>>>>>

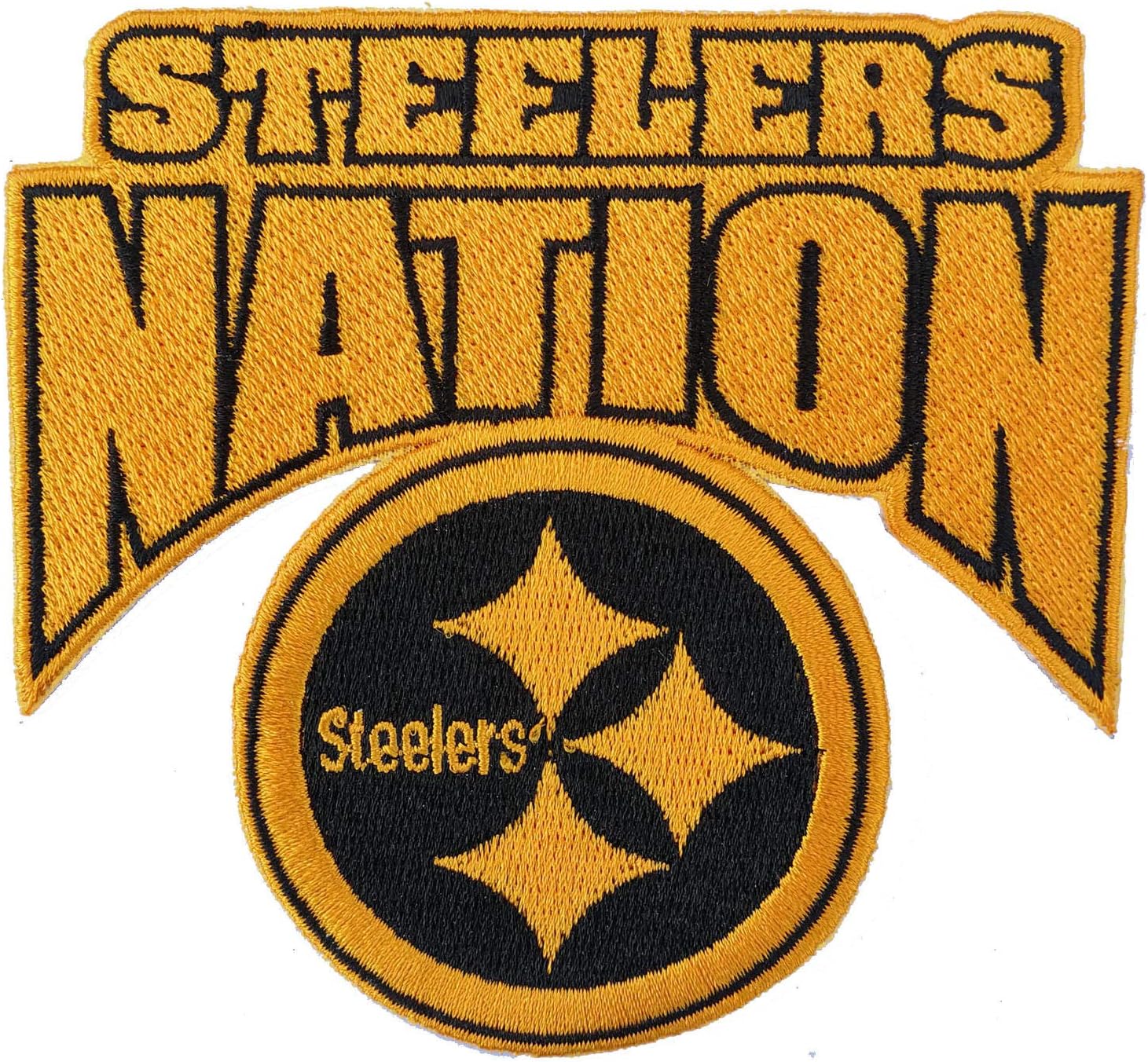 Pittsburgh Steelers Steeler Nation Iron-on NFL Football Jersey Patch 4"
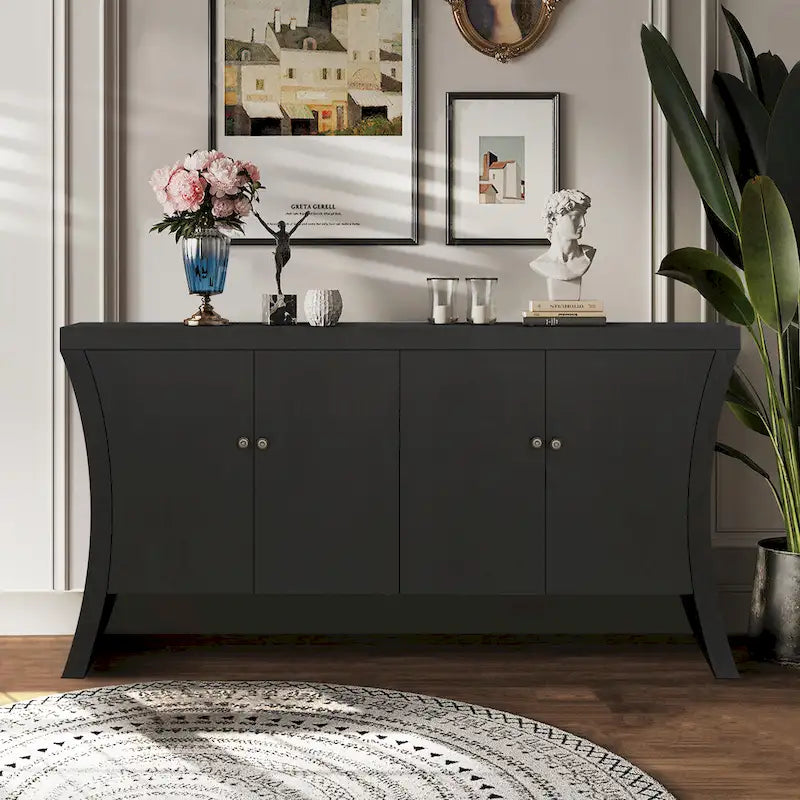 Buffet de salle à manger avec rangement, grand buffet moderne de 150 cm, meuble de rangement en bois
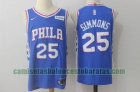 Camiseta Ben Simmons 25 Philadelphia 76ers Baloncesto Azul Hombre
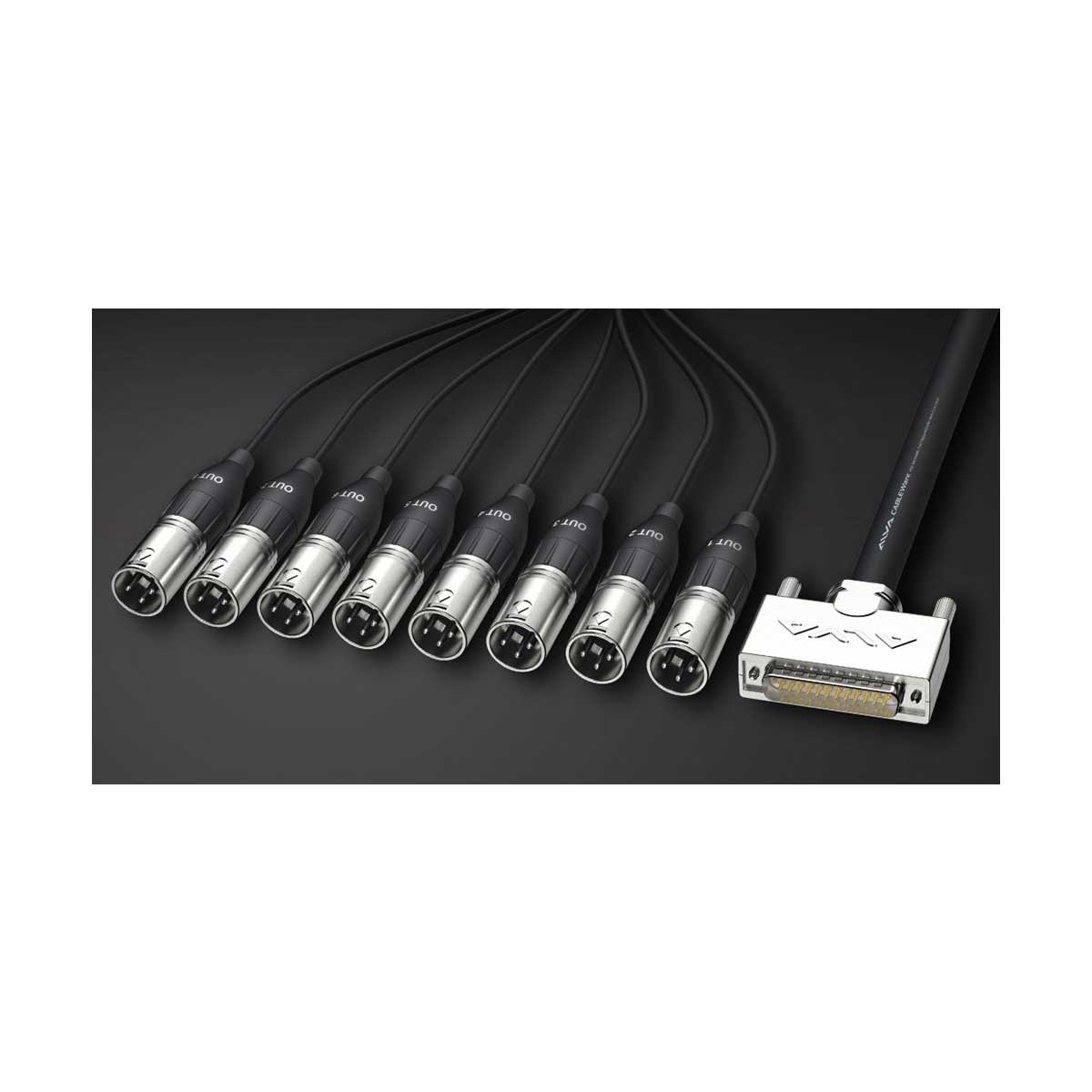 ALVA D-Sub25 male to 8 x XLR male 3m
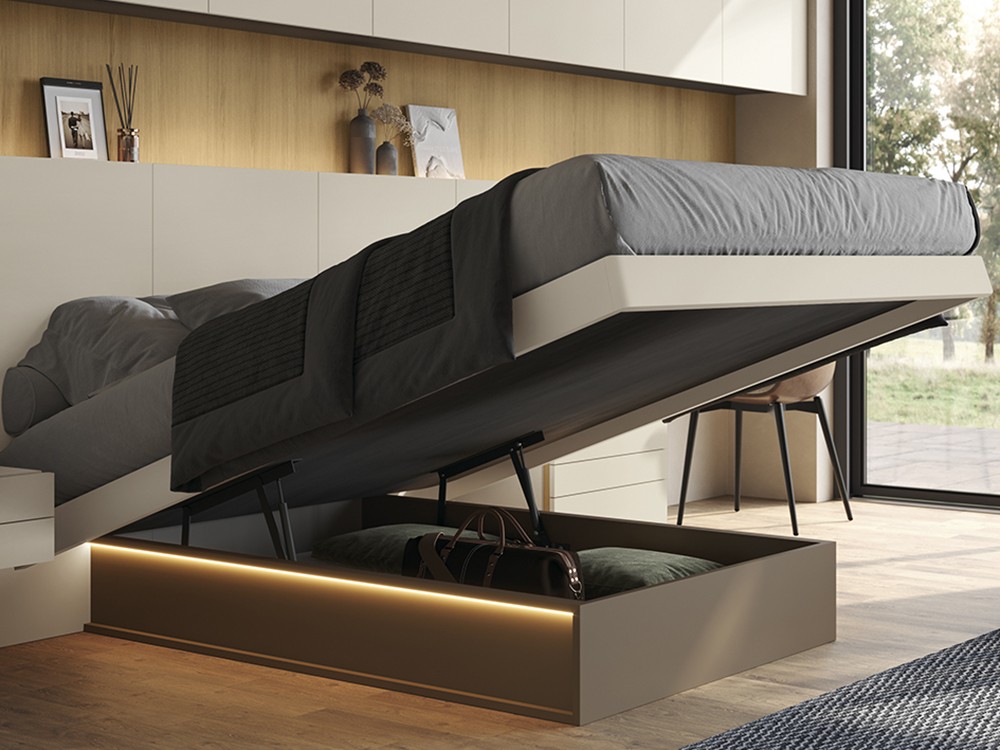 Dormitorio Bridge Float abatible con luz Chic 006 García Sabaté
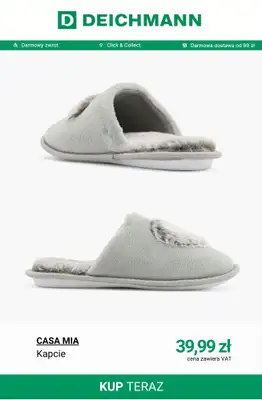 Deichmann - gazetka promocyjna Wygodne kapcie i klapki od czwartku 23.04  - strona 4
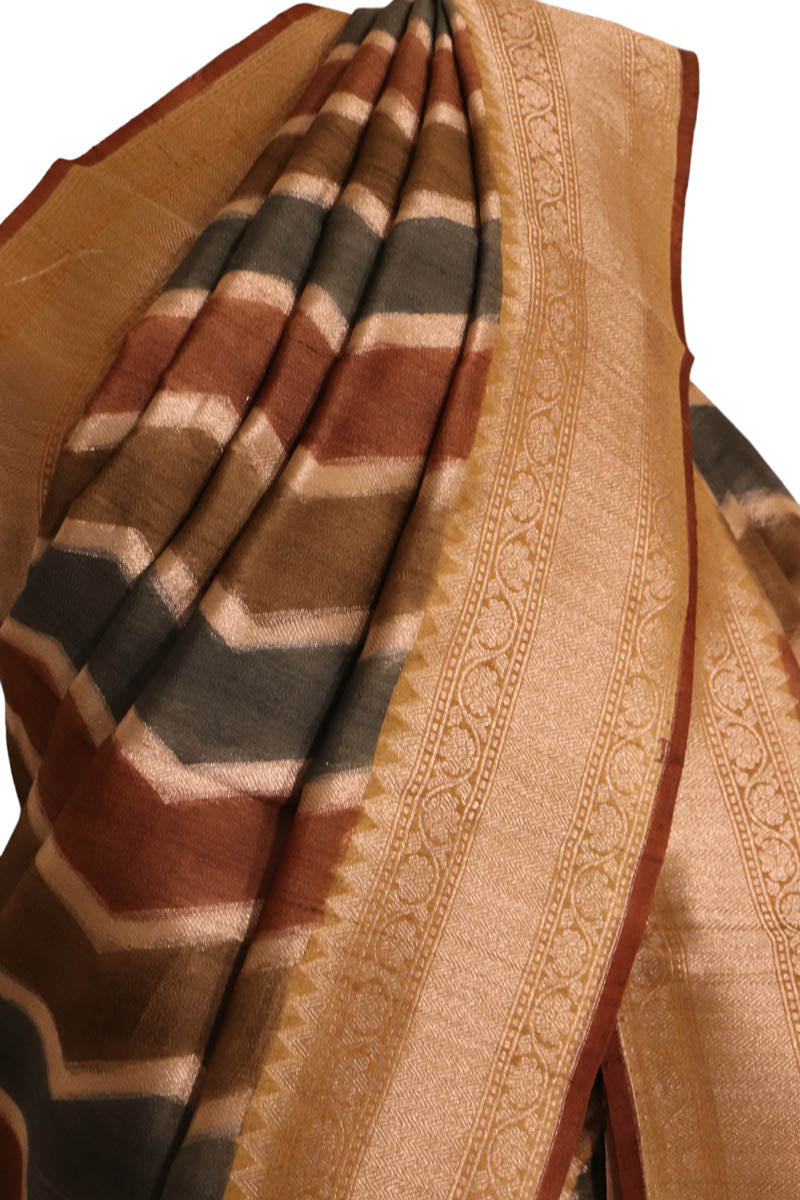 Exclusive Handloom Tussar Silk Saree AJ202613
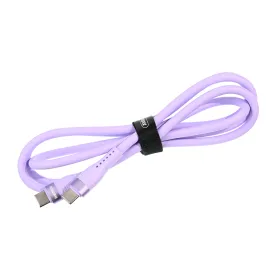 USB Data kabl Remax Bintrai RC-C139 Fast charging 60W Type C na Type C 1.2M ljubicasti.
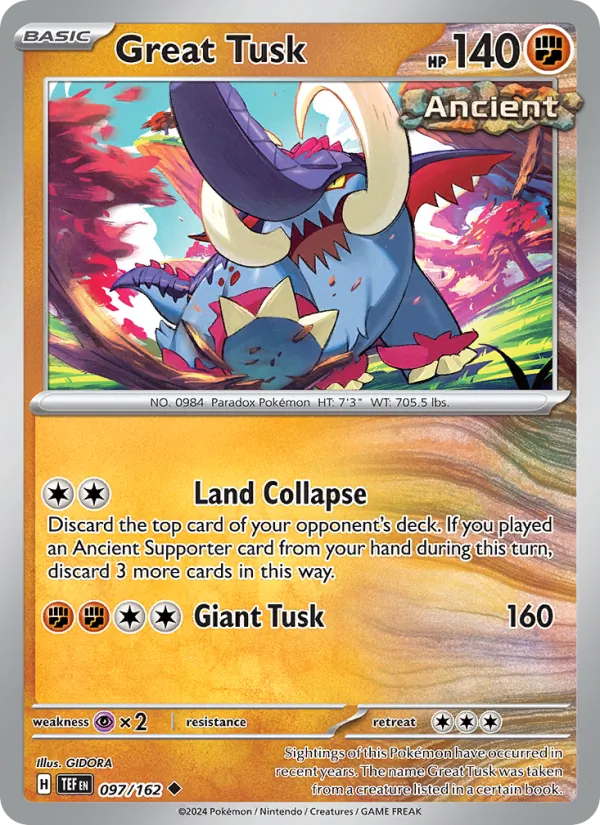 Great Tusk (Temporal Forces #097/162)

<<<<<

** TASK DIRECTIONS **
Write the full listing out again with every line unchanged, but include no pictures.

** TASK RESULT **
 Pittsburgh Steelers Steeler Nation Iron-on NFL Football Jersey Patch 4"
 Buffet de salle à manger avec rangement, grand buffet moderne de 150 cm, meuble de rangement en bois
 Camiseta Ben Simmons 25 Philadelphia 76ers Baloncesto Azul Hombre
 ALVA D-Sub25 male to 8 x XLR male 3m
 Dormitorio Bridge Float abatible con luz Chic 006 García Sabaté
 Deichmann - gazetka promocyjna Wygodne kapcie i klapki od czwartku 23.04  - strona 4
 Exclusive Handloom Tussar Silk Saree AJ202613
 USB Data kabl Remax Bintrai RC-C139 Fast charging 60W Type C na Type C 1.2M ljubicasti.
 Great Tusk (Temporal Forces #097/162)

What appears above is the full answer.